Universidade Federal do Rio de Janeiro. Instituto de Biofísica Carlos Chagas Filho. Rio de Janeiro, RJ, Brasil.
Universidade Federal do Rio de Janeiro. Instituto de Biofísica Carlos Chagas Filho. Rio de Janeiro, RJ, Brasil.
Universidade Federal do Rio de Janeiro. Hospital Universitário Clementino Fraga Filho. Departamento de Radiologia. Rio de Janeiro, RJ, Brasil.
Universidade Federal do Rio de Janeiro. Hospital Universitário Clementino Fraga Filho. Departamento de Radiologia. Rio de Janeiro, RJ, Brasil.
Universidade Federal do Rio de Janeiro. Hospital Universitário Clementino Fraga Filho. Departamento de Radiologia. Rio de Janeiro, RJ, Brasil.
Universidade Federal do Rio de Janeiro. Hospital Universitário Clementino Fraga Filho. Departamento de Radiologia. Rio de Janeiro, RJ, Brasil.
Universidade Federal do Rio de Janeiro. Hospital Universitário Clementino Fraga Filho. Departamento de Radiologia. Rio de Janeiro, RJ, Brasil.
Universidade Federal do Rio de Janeiro. Instituto de Biofísica Carlos Chagas Filho. Rio de Janeiro, RJ, Brasil.
Universidade Federal do Rio de Janeiro. Hospital Universitário Clementino Fraga Filho. Departamento de Radiologia. Rio de Janeiro, RJ, Brasil.

Abstract

Cell-based treatments have been considered a promising therapy for neurological diseases. However, currently there are no clinically available methods to monitor whether the transplanted cells reach and remain in the brain. In this study we investigated the feasibility of detecting the distribution and homing of autologous bone-marrow mononuclear cells (BMMCs) labeled with Technetium-99 m (99mTc) in a cell-based therapy clinical study for chronic ischemic stroke. Six male patients (ages 24–65 years) with ischemic cerebral infarcts within the middle cerebral artery (MCA) between 59 and 82 days were included. Cell dose ranged from 1.25×108 to 5×108. Approximately 2×107 cells were labeled with 99mTc and intra-arterially delivered together with the unlabeled cells via a catheter navigated to the MCA. None of the patients showed any complications on the 120-day follow-up. Whole body scintigraphies indicated cell homing in the brain of all patients at 2 h, while the remaining uptake was mainly distributed to liver, lungs, spleen, kidneys and bladder. Moreover, quantification of uptake in Single-Photon Emission Computed Tomography (SPECT) at 2 h showed preferential accumulation of radioactivity in the hemisphere affected by the ischemic infarct in all patients.

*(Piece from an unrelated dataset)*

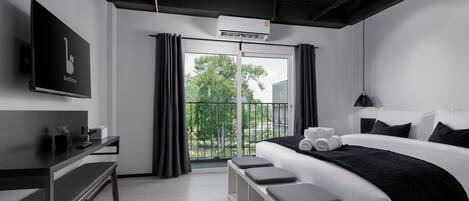 Deluxe Double Room, Balcony, Garden View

However, at 24 h homing could only distinguished in the brains of 2 patients, while in all patients uptake was still seen in the other organs. Taken together, these results indicate that labeling of BMMCs with 99mTc is a safe and feasible technique that allows monitoring the migration and engraftment of intra-arterially transplanted cells for at least 24 h.

Keywords

Stroke
Cell therapy
99mTC
Scintigraphy

Publisher

Elsevier

Citation

FONSECA, Lea Mirian Barbosa et al. Migration and homing of bone-marrow mononuclear cells in chronic ischemic stroke after intra-arterial injection. Experimental Neurology, v. 221, p. 122-128, 2010.

DOI

10.1016/j.expneurol.2009.10.010

ISSN

0014-4886

Notes

Sérgio Salles Xavier. Fundação Oswaldo Cruz. Instituto Nacional de Infectologia Evandro Chagas. Documento produzido em parceria ou por autor vinculado à Fiocruz, mas não consta a informação no documento.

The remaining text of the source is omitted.